Naturally, Moore was asked about throwing in the heat —and the fatigue factor, combined with the ankle twist from the initial shot put throw.
He did reveal that his first finals throw, had he not fouled, could have hit the 180-foot range.
“Had I been able to save that one, that would have been a new PR (personal record) and it probably would have won me the meet. But I wasn’t able to keep it in. You win some and you lose some,” said Moore. “I was pretty tired and if you looked who placed in front of me, those three didn’t throw shot. But I am not making excuses. I came out here and tried to throw the best I can. I ended up placing fourth, and I am happy with that.”
Moore made many supporters of his happy on Friday.

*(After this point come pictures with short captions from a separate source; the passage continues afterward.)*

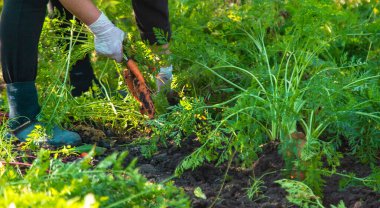 Bahçede havuç hasadı. Seçici odaklanma. Yiyecek..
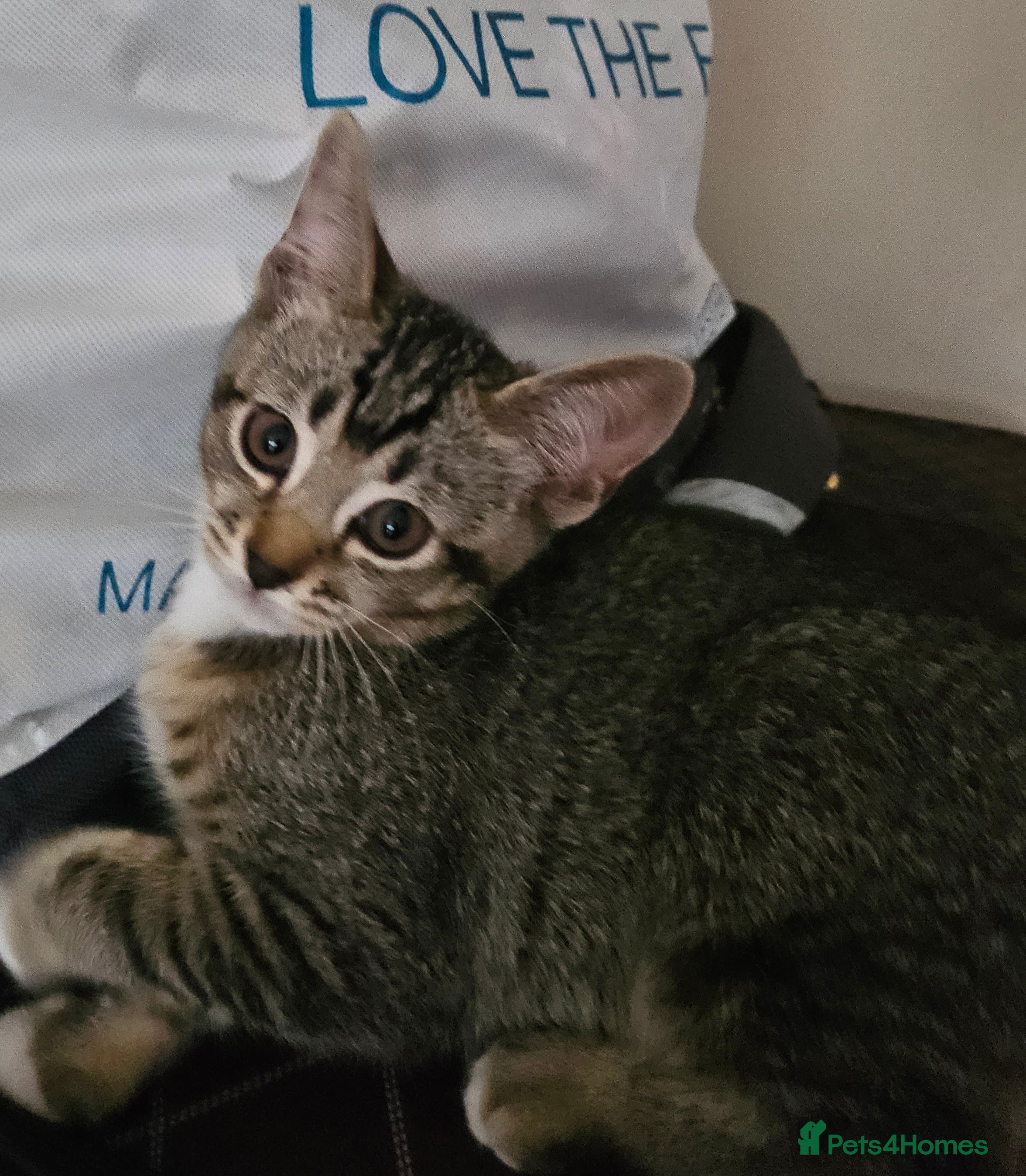 American Shorthair cats 10 Week Old Pure Tabby Kitten in Sutton - Advert 1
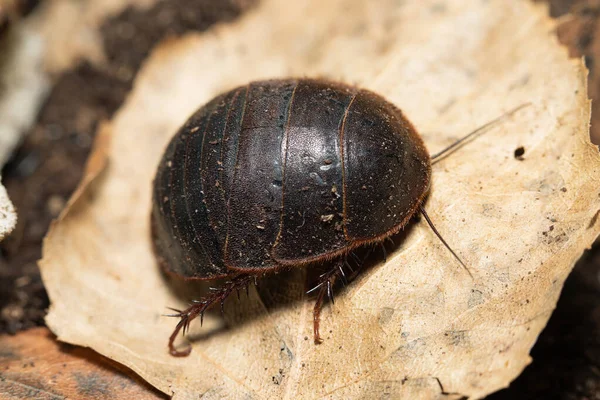 Eupolyphaga Sinensis Sur Une Feuille Morte — Photo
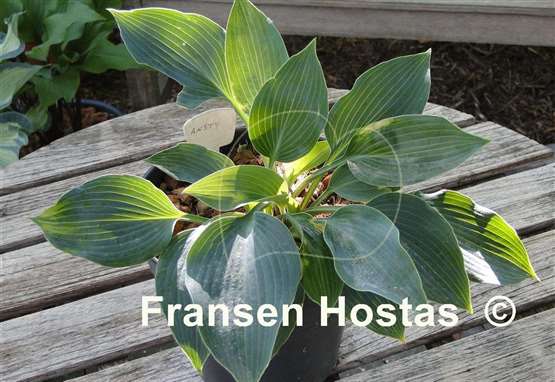 Hosta Ansty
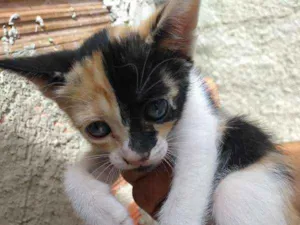 Gato raça pé duro idade Abaixo de 2 meses nome Nina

“We’re so happy for Justin and what he has accomplished this season,” said Valley track and field head coach Jason Fell. “Winning the state championship in the shot put on his last two high school throws shows the character and drive that he has had his whole career at Valley. We’ve had numerous great throwers make the podium and Justin was able to get it done and finish at the top. He has had a remarkable career, leaving as a three-time state placer in the shot put and once in the discus, as well as multiple district and regional championships and the school records in both. He leaves a legacy that will be hard to beat.”
As for the next adventure, which began this week, Moore begins his collegiate throwing career at Division I Boston University —and will throw the shot put, the discus, and the college-level offered weighted throw and hammer.
“I start college training next week (June 5 thru June 11),” he said.
But for Friday, it was indeed an eventful day for Moore —but he indeed made his last Valley day his best day.
“It’s just incredible. I love this feeling. If you would have asked me four years ago where I would be today, I definitely did not think standing right here and right now,” he said. “I never thought I was going to throw over 60 feet, I never thought I was going to win a state title. But it just proves that hard work and with dedication, you can do anything.”